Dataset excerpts
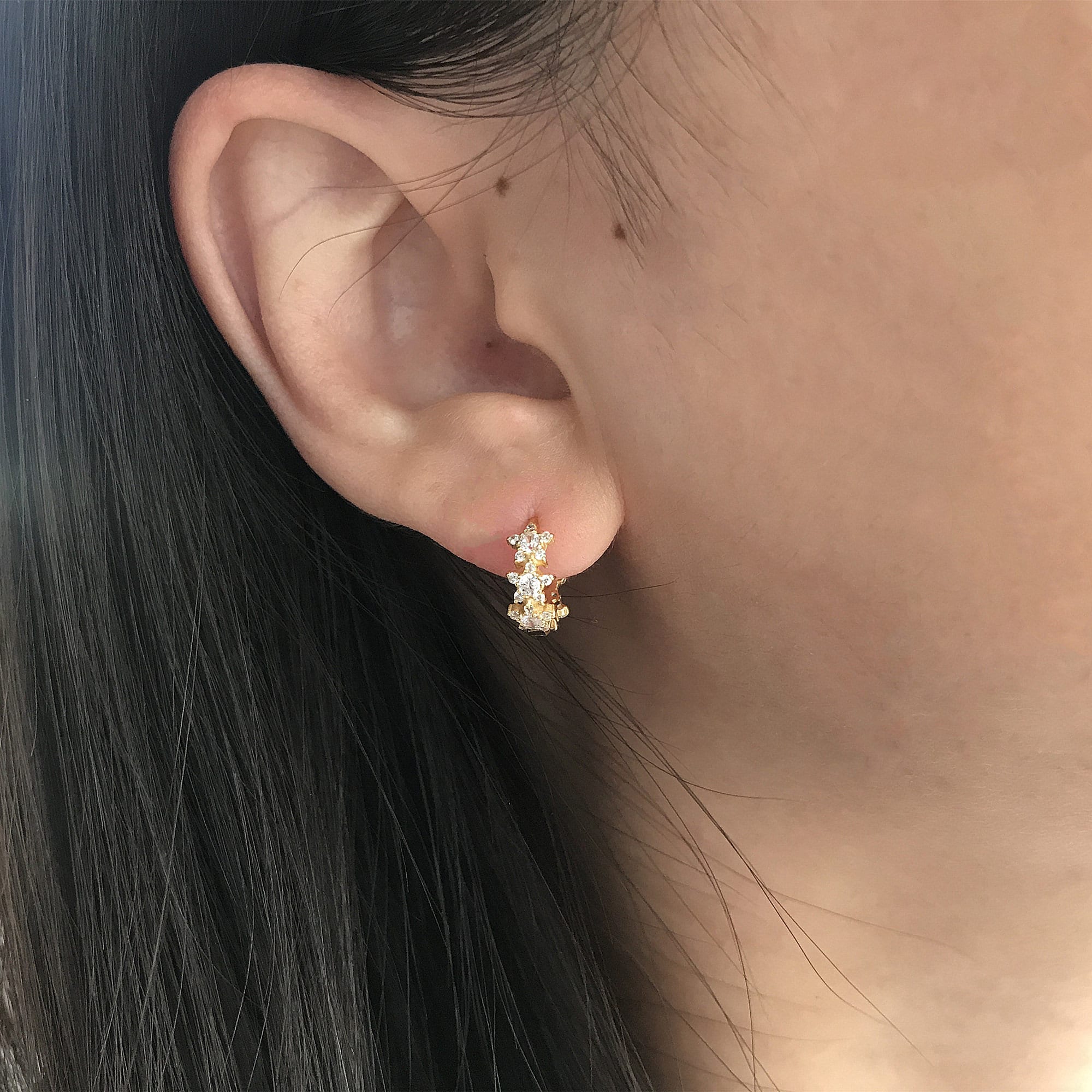 Dainty CZ Star Tiny Gold Huggie earrings, Delicate Small CZ huggie Hoops, Charm Minimaliste hoops earrings, Gifts for her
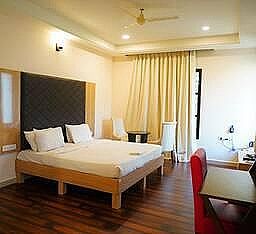  Solitaire Banquets And Hotel Deluxe Room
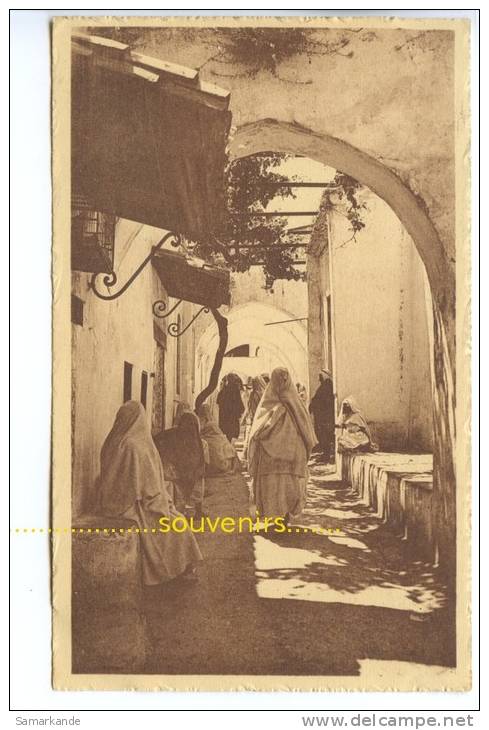 CPA   ALGERIE  TLEMCEN Passage de la Mosquée - ** prix nets **
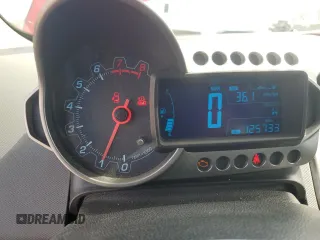 2012 Chevrolet Sonic LT z VIN 1G1JD5SB1C4160396, wystawiony jako Copart lot #52098365 z przebiegiem 125 733 mil mil oraz Szkoda całkowita • Salvage title. Historia ofert i sprzedaży dostępna na DreamBid. Obrazek 9.
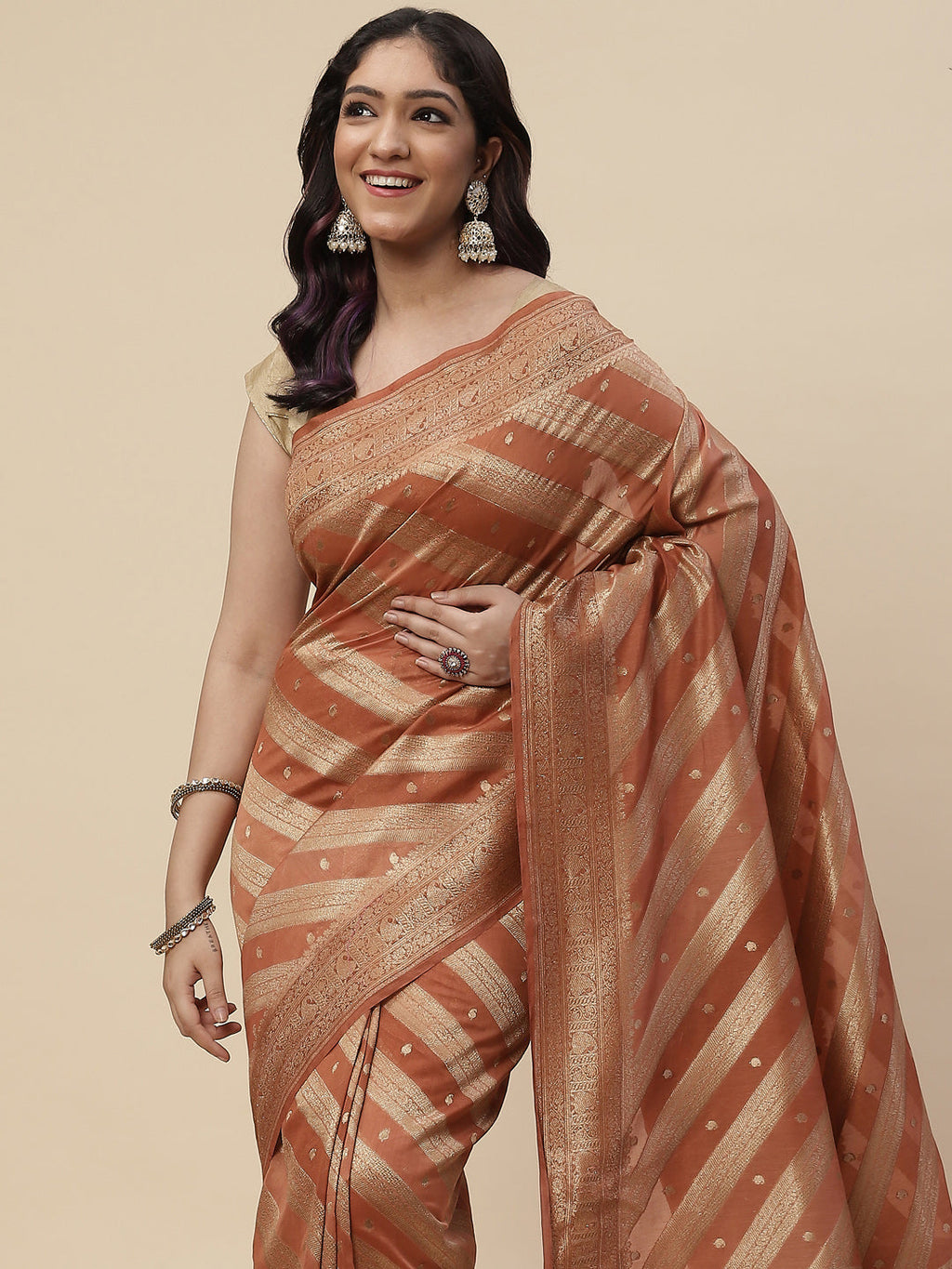 Zari Jaal Cotton Woven Saree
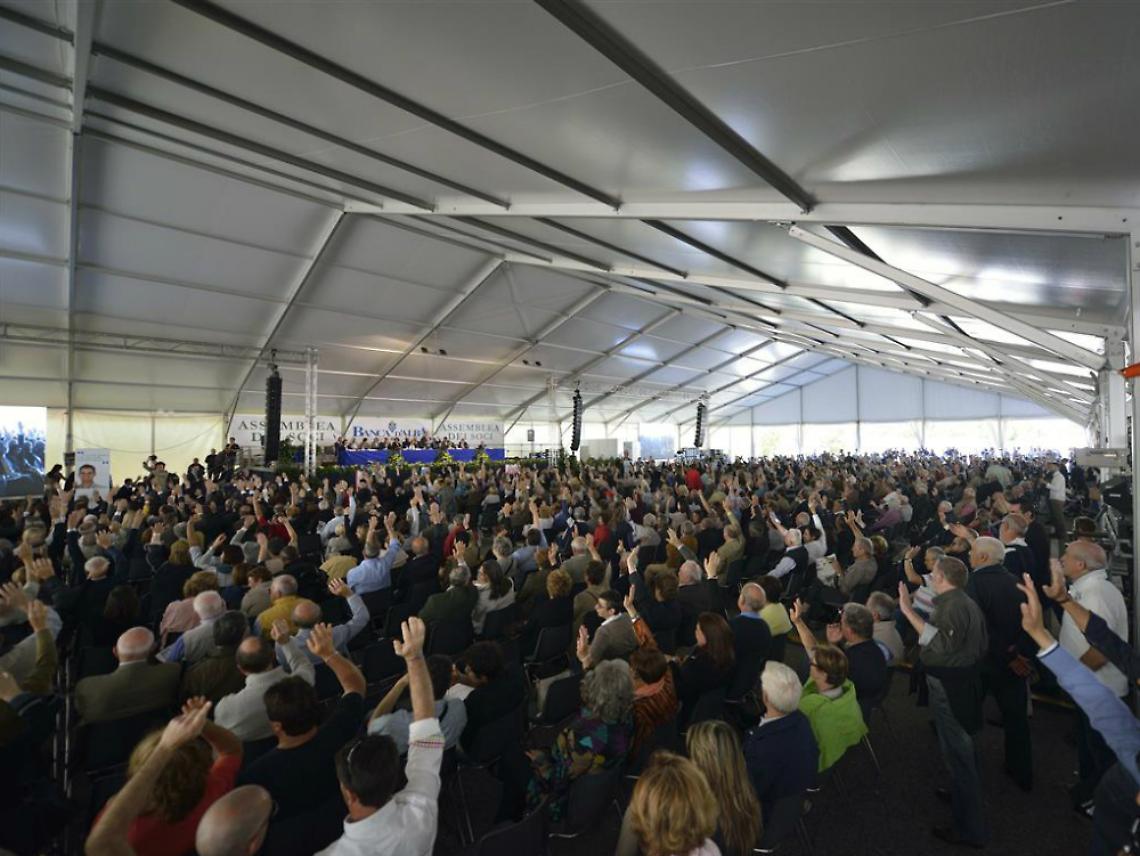 Banca d'Alba, in 14mila presenti all'assemblea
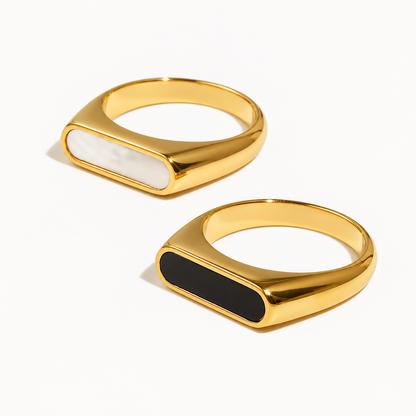 Esmé Shell Signet Ring nas versões Black e White — TAIA Jewellery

[What the exercise asks]
Each record above should be duplicated word for word, with no pictures included.

[Output]
 Dainty CZ Star Tiny Gold Huggie earrings, Delicate Small CZ huggie Hoops, Charm Minimaliste hoops earrings, Gifts for her
  Solitaire Banquets And Hotel Deluxe Room
 CPA   ALGERIE  TLEMCEN Passage de la Mosquée - ** prix nets **
 2012 Chevrolet Sonic LT z VIN 1G1JD5SB1C4160396, wystawiony jako Copart lot #52098365 z przebiegiem 125 733 mil mil oraz Szkoda całkowita • Salvage title. Historia ofert i sprzedaży dostępna na DreamBid. Obrazek 9.
 Zari Jaal Cotton Woven Saree
 Banca d'Alba, in 14mila presenti all'assemblea
 Esmé Shell Signet Ring nas versões Black e White — TAIA Jewellery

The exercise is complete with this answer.